■ What needs to be done ■
An exact repetition of the data below, without images, is the expected answer.

■ Dataset extract ■
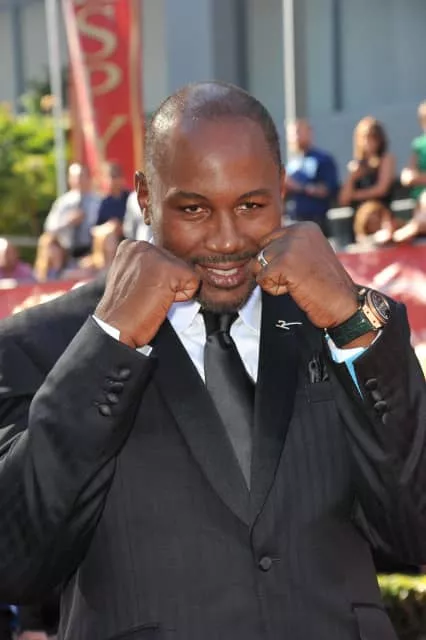 Lennox Lewis - Former professional boxer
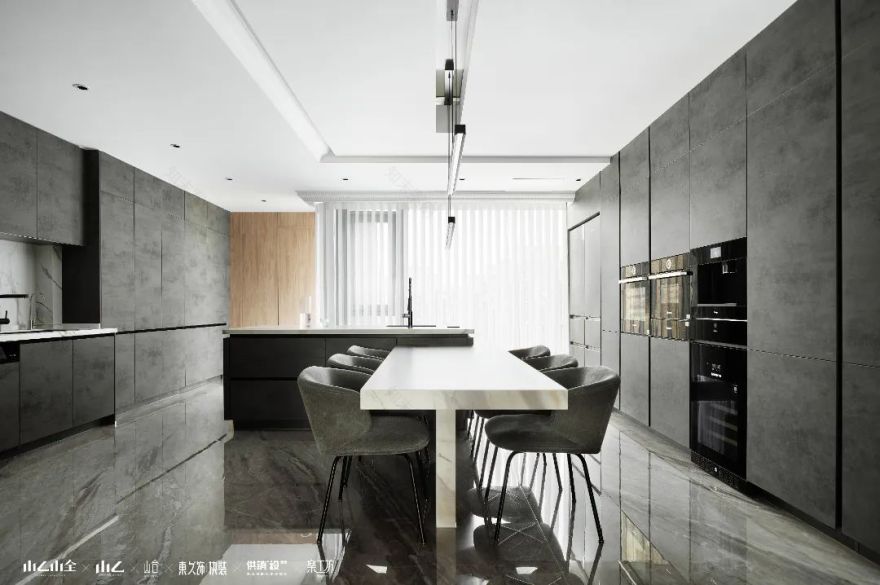 现代轻奢风明昇壹城丨中国长沙丨山乙山全-33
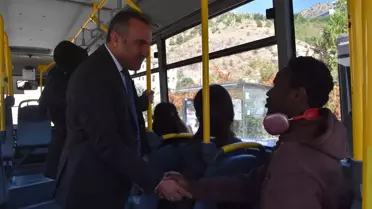 Gümüşhane Üniversitesi'nde Yeni Yıl Kutlaması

■ The completed task ■
 Lennox Lewis - Former professional boxer
 现代轻奢风明昇壹城丨中国长沙丨山乙山全-33
 Gümüşhane Üniversitesi'nde Yeni Yıl Kutlaması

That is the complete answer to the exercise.